House Djurö Refines Indoor–Outdoor Living with Concrete Terrace
House Djurö crowns a cliff on Värmdö, Sweden, where CAMPUS sets a cast in situ concrete house toward the Stockholm Archipelago. The project, designed in 2024, draws the eye seaward with two flanking walls and draws daily life outdoors under a deep pergola. Calm, rigorous, and tactile, it balances hardwearing material with tailored carpentry and precise glazing.










Salt air brushes the cliff as concrete warms under sun. Long walls pull the view toward open water, fixing the house to the archipelago horizon with quiet certainty.

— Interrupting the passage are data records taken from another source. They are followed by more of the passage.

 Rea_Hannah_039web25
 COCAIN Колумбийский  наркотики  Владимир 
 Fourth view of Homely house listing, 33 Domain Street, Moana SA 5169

This is a house on Värmdö by CAMPUS, cast in situ and organized by two flanking walls that choreograph outlook, privacy, and weather. The throughline is material clarity: concrete carries structure and ground plane, while timber and steel tune the interior for living. It feels purposeful. Nothing reads as spare for its own sake.
Cast Walls Anchor
Two parallel concrete walls extend beyond the building corners, directing entry and sightlines to sea while screening neighbors at the edges. Their mass reads as landscape, not object, with chamfered openings and an expressive rainwater spout marking each side elevation in a single, legible move. They do the heavy lifting. The house takes its order and calm from these cast planes.
Pergola Frames Entry
A deep pergola gathers arrival and the outdoor dining table into one shaded threshold, setting a social cadence at the door. Sliding panels link this terrace directly to the kitchen, so serving, clearing, and unplanned seconds happen without theatre across a single, level floor. It works every day. Stained spruce at windows, doors, and inset panels softens the concrete’s edge.
Terrace Meets Water
The interior concrete floor runs outward into a broad terrace, turning structure into ground and ground into living room. A frameless glass balustrade holds the edge with barely a line, leaving the Baltic view to carry the distance. The pool sits close. Direct access from living room and main bedroom makes early swims and late-night dips part of the daily loop.
Interior Warmth And Steel
Inside, the palette stays disciplined: cast concrete walls and floors, stained oak panelling and joinery, and a stainless-steel kitchen with a clean, utilitarian stance. The metal’s cool precision plays against the oak’s grain, giving the work zones clarity while keeping the rooms warm to the touch. Details carry through. Full-height interior doors rise floor to ceiling for a quiet, continuous rhythm.
Light tracks across concrete and wood as the day turns, drawing shadows across joints, thresholds, and that long terrace line. The architecture listens to site and weather—then holds steady. In the end, craft and weight feel inseparable from shore and wind.